But this rule would not help the case of a subsequent promise to pay for goods sold or delivered to the promisor while a married woman, at common law. The difficulty in such a case was that which was seen in the two cases in the Court of King's Bench to which I have referred. (2 B. A., 811; 8 A. E., 467.) In such cases, at common law, the goods were, in law, supplied to the husband, and the price was a debt owing from him, and never from her. If, therefore, she gave a note, or other express obligation, it was not only void, but had no consideration. Even if her disability to contract were removed, or did not exist, yet, as long as the rules of the common law as to marital rights remained unchanged, there was nothing from which the law could imply a promise to pay, because the goods supplied to her became her husband's, and she acquired no beneficial interest in them. The law might imply a promise on his part to pay for them, but not on hers. For this reason, I agree that, at common law, a promise by a woman, after coverture, to pay for goods supplied to her, or, at her request, while married, could not be sustained.

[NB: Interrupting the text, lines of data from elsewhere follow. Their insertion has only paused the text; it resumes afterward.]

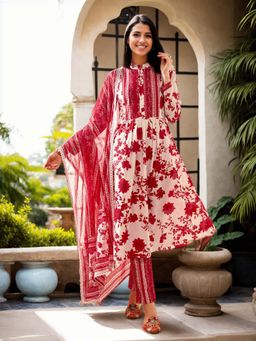 Gahan - Cotton Gathered Floral with Lace Work Pink Kurta with Pant & Dupatta (Set of 3)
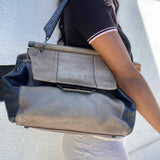 HALSTON HERITAGE Leather Taupe/Black Flap distressed Leather Satchel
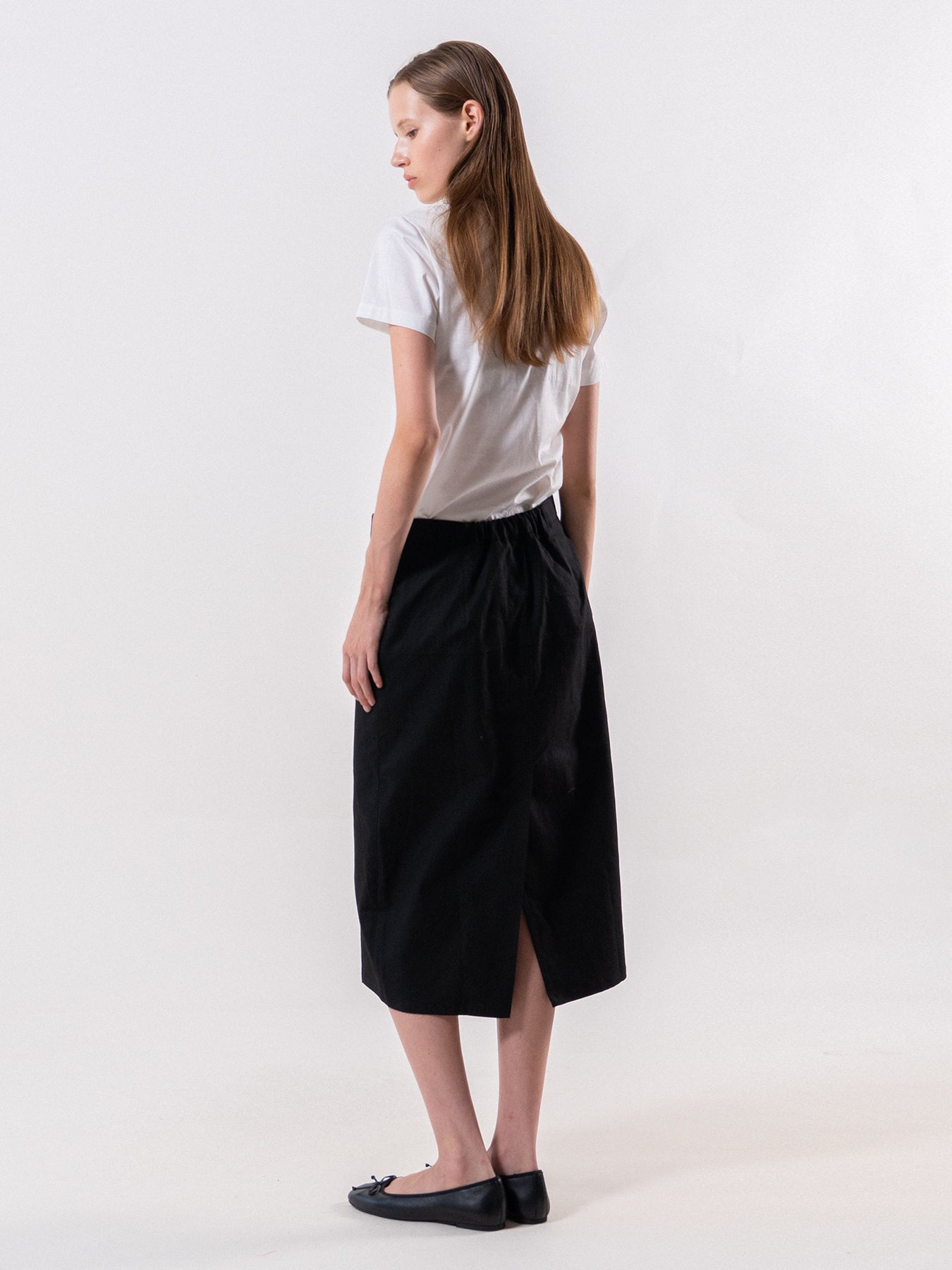 Black Pocket Detail Midi Skirt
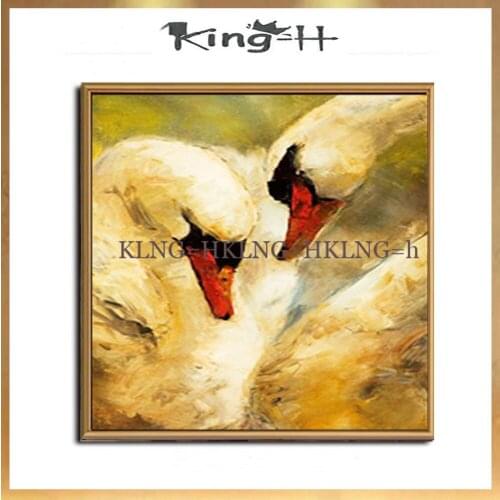 100%Handpainted Oil Painting white Swan Couple Paintings on Canvas Modern Abstract Art Best Gift Wall Art Pictures Home Decor
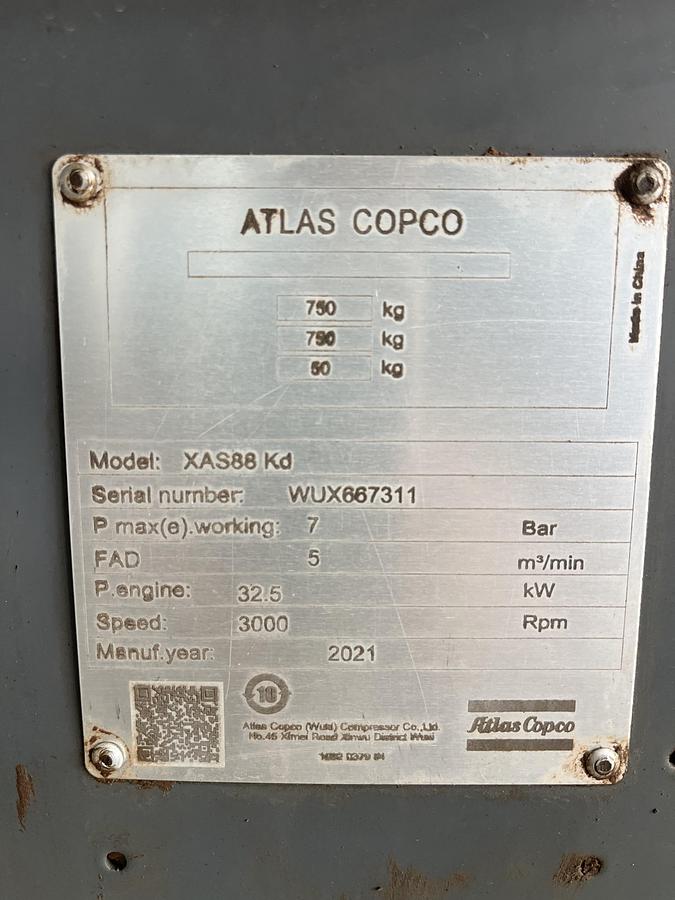 Usado Compresor Autonomo Atlas Copco XAS 88 KD año 2021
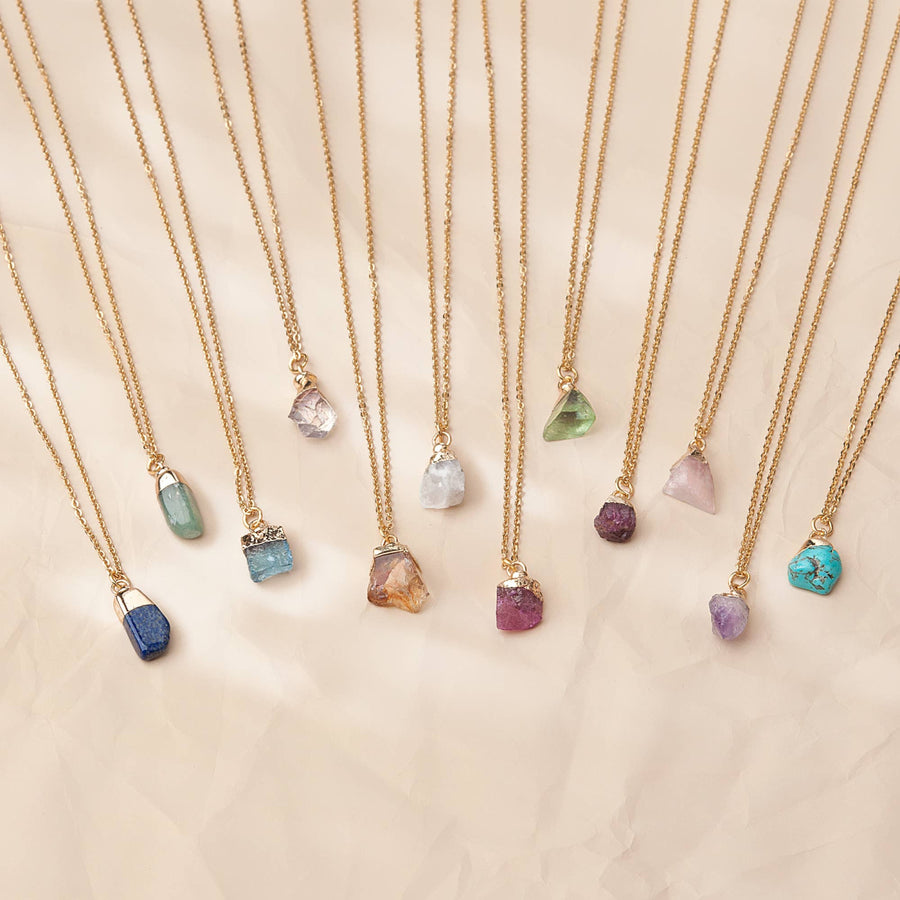 Delicate gold chain birthstone necklaces with raw gem pendants, 16-18’’ adjustable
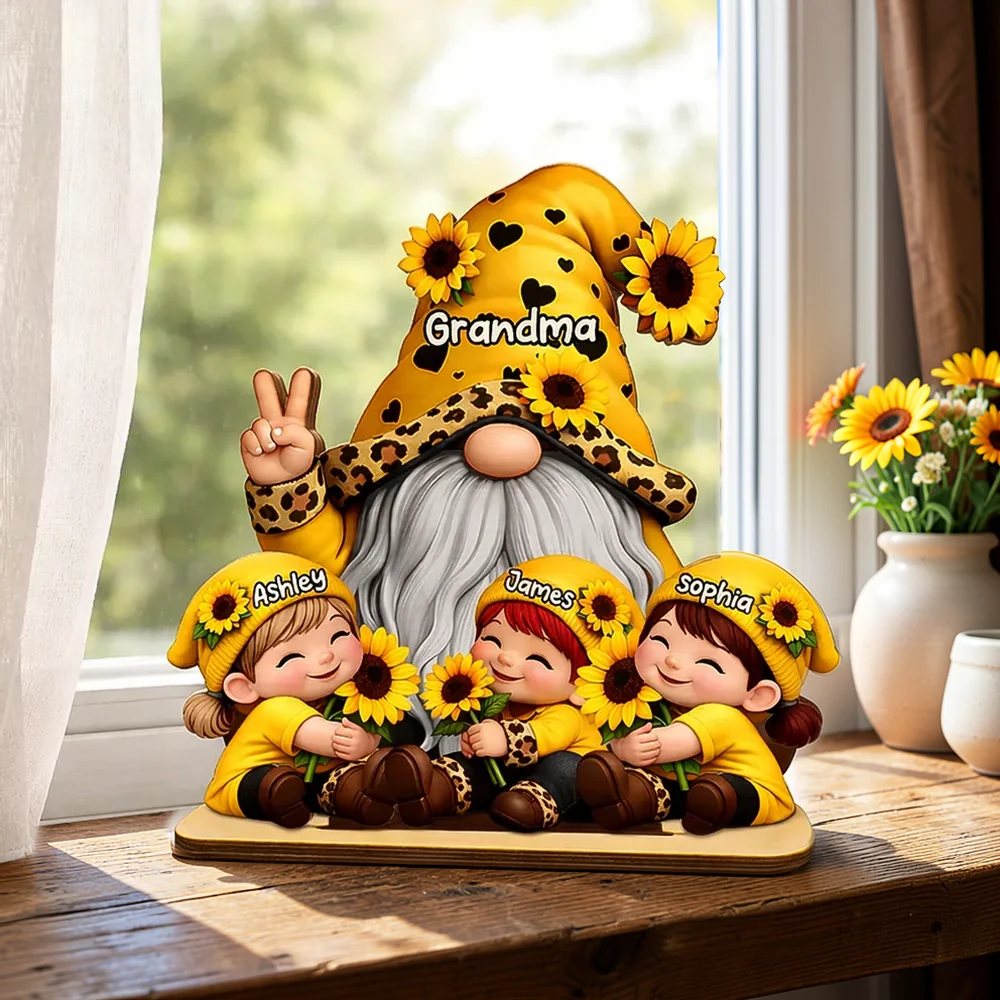 Personalized 2-Layer Wooden Plaque Gnome Grandma With Grandkids and Sunflowers Cute Family Keepsake Unique Gift for Grandma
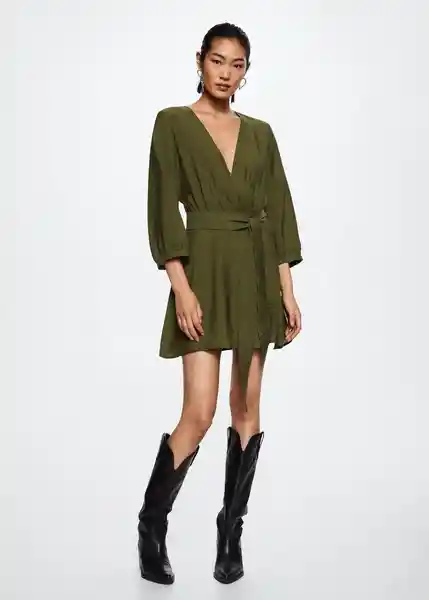 Vestido Amelie-W Khaki Talla L Mujer Mango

But the statutes of this State, passed in 1848 and 1849, in respect to the rights of married women, give a different aspect to such a question. (Laws of 1848, p. 308; id., 1849, p. 528.) Since these statutes, any married female may take from any person, other than her husband, and convey, personal property, and it will not be subject to the disposal, or to the debts, of *Page 622 her husband. It is true that these statutes did not remove the disability of married women to make executory contracts; so that any note or obligation, which a married woman should make upon the purchase or acquisition of property, would be void. It is true, also, that the same disability prevented the implication of any contract on her part to pay for such property. But personal property, sold or conveyed in any manner to a married woman in good faith, since the statute, by any person other than her husband, is hers, and not his. It becomes her sole and separate property, and he is neither entitled to it nor bound to pay for it. For this reason, no debt or engagement is implied on his part in consequence of its acquisition. On the other hand, such acquisition is directly beneficial to the married woman: it becomes hers, and not her husband's: and if it were not that the law disabled her, a promise to pay for it would at once be implied by the law from the fact of its acquisition.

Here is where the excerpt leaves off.